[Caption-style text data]
BEGIN

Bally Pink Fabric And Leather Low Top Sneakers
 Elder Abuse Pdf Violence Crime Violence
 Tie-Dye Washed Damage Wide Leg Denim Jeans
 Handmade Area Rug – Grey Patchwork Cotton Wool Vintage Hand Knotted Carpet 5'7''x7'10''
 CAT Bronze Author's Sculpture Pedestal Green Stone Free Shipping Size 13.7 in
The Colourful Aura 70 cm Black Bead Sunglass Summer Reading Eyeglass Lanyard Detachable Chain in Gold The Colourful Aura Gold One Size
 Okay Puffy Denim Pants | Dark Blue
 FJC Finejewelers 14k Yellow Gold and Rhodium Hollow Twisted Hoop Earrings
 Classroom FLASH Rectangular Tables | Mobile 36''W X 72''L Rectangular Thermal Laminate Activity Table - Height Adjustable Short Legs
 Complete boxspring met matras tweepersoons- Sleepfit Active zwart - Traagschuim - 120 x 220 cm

END

#### What to produce:
Exact retyping of every entry is required.

#### Worked solution:
Bally Pink Fabric And Leather Low Top Sneakers
 Elder Abuse Pdf Violence Crime Violence
 Tie-Dye Washed Damage Wide Leg Denim Jeans
 Handmade Area Rug – Grey Patchwork Cotton Wool Vintage Hand Knotted Carpet 5'7''x7'10''
 CAT Bronze Author's Sculpture Pedestal Green Stone Free Shipping Size 13.7 in
The Colourful Aura 70 cm Black Bead Sunglass Summer Reading Eyeglass Lanyard Detachable Chain in Gold The Colourful Aura Gold One Size
 Okay Puffy Denim Pants | Dark Blue
 FJC Finejewelers 14k Yellow Gold and Rhodium Hollow Twisted Hoop Earrings
 Classroom FLASH Rectangular Tables | Mobile 36''W X 72''L Rectangular Thermal Laminate Activity Table - Height Adjustable Short Legs
 Complete boxspring met matras tweepersoons- Sleepfit Active zwart - Traagschuim - 120 x 220 cm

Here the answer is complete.